Es kam alles anders.
Urplötzlich hörte ich das Plätschern. Mir kam es vor, als hätte jemand etwas ins Wasser geworfen. Einen Stein oder ein Stück Holz vielleicht.
Ich drehte mich um.
Und sah die Frau!
***
Sie schwamm im Pool und musste hinter meinem Rücken ins Wasser gestiegen sein. Ich wusste sofort, dass es nur Zeo sein konnte. Sie war nackt und lag auf dem Rücken. Nur ihr Gesicht ragte aus dem Wasser. Ihr Haar hatte sich um den Kopf herum wie ein weiches Vlies ausgebreitet, aber ich konnte nicht erkennen, welche Farbe es hatte. Mal schimmerte es dunkel, dann wieder hell. Das mochte an den Lichtreflexen liegen.
Sie lächelte mir zu.
Um besser sehen zu können, trat ich dicht an den Poolrand heran. Dort blieb ich stehen, legte die Hände auf meine Knie und lächelte zurück. Sie bewegte nur sehr leicht die Arme und Hände.

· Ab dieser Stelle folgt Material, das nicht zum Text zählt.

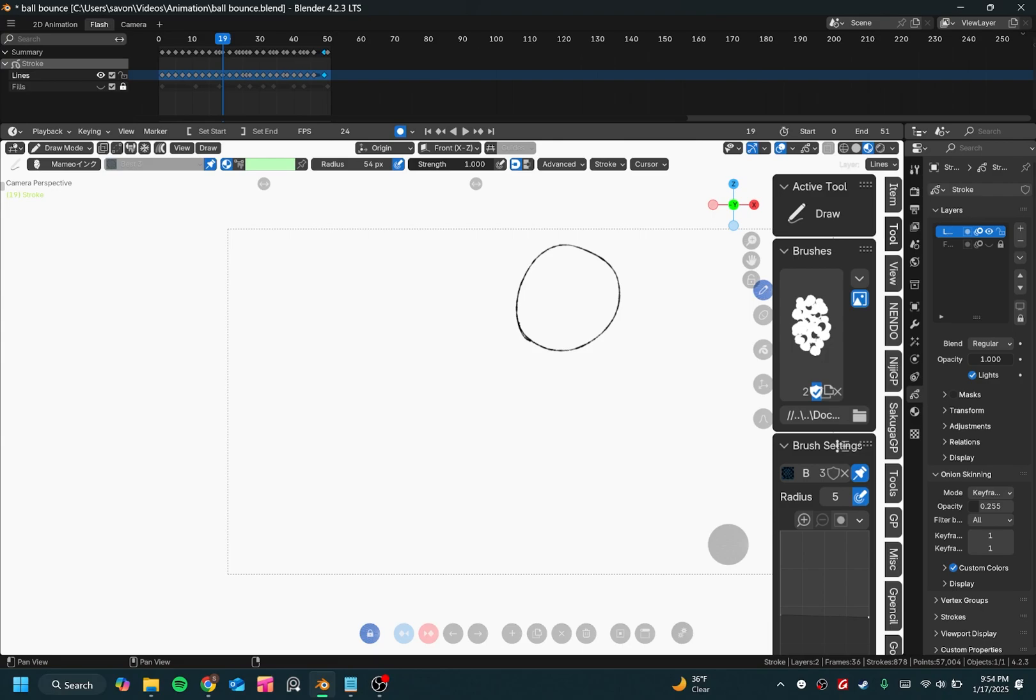Well, that's it for the tutorial. I hope this helps, and I hope you guys have fun customizing how your Blender looks.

Mal blinzelte sie mit den Augen, mal blies sie Wassertropfen von der Lippe.
»Hallo…«
Sie hatte mich angesprochen, nicht umgekehrt. Demnach schien sie schon vor einigen Tausend Jahren emanzipiert gewesen zu sein.

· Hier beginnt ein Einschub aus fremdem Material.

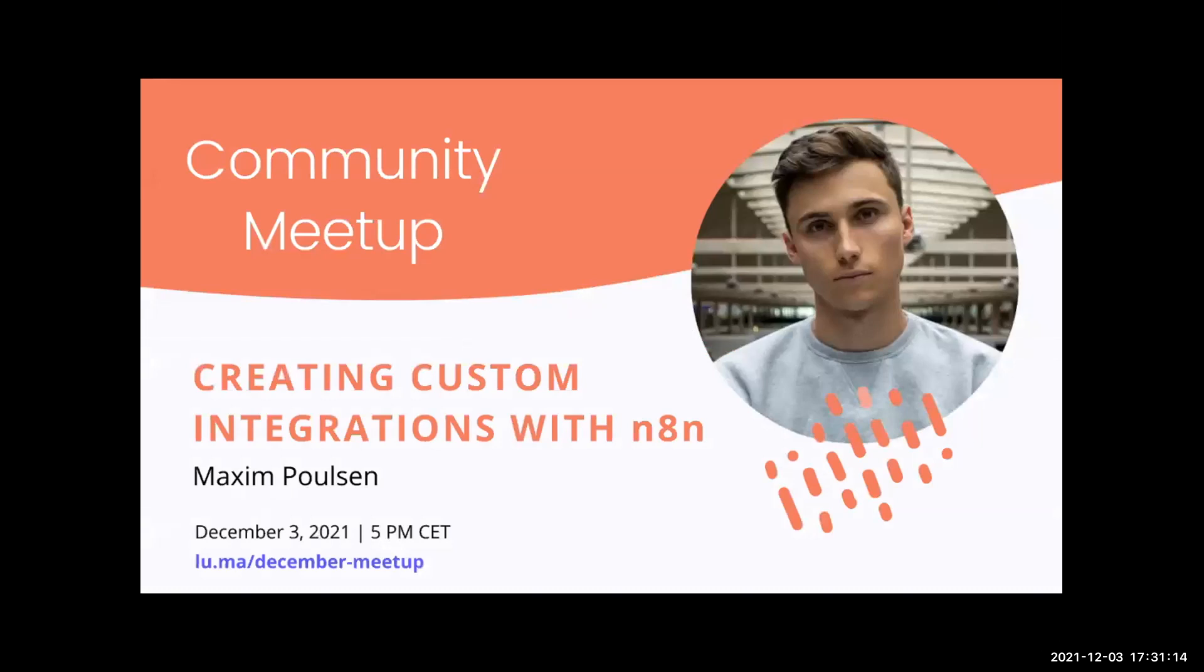Maxim is an engineer working for Vibe. His role is to bring technical touch to the business operations of the company, creating processes, implementing automations, connecting tools, creating a data architecture, and facilitating the day-to-day operations for the employees.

Ich nickte zurück. »Gefällt es Ihnen hier im Pool?« Eine dumme Frage, etwas Besseres fiel mir jedoch nicht ein, zudem wollte ich mich nicht zu erkennen geben.
»Ja, es ist herrlich.«
»Das dachte ich mir.«
»Wollen Sie nicht zu mir kommen? Zu zweit ist das Baden lustiger.«
Ich verdrehte innerlich die Augen. Bei diesem Smalltalk kam ich mir vor wieein Darsteller in irgendeiner der zahlreichen Ami-Serien, die über die Mattscheiben flimmerten. »Nein, aber danke für das Angebot.«
»Warum kommen Sie nicht?«
»Ich fühle mich hier ganz wohl.«
Sie lachte. Ich sah ihre Zähne. Vampirhauer konnte ich bei ihr nicht entdecken. »Sie haben doch nur Angst.«
»Das nicht.«
»Dann kommen Sie.«
Ich wunderte mich darüber, dass sie mich in meiner Sprache angeredet hatte und auch dabei geblieben war. Vor fünftausend oder mehr Jahren konnte sie die bestimmt nicht erlernt. Da steckte schon mehr dahinter.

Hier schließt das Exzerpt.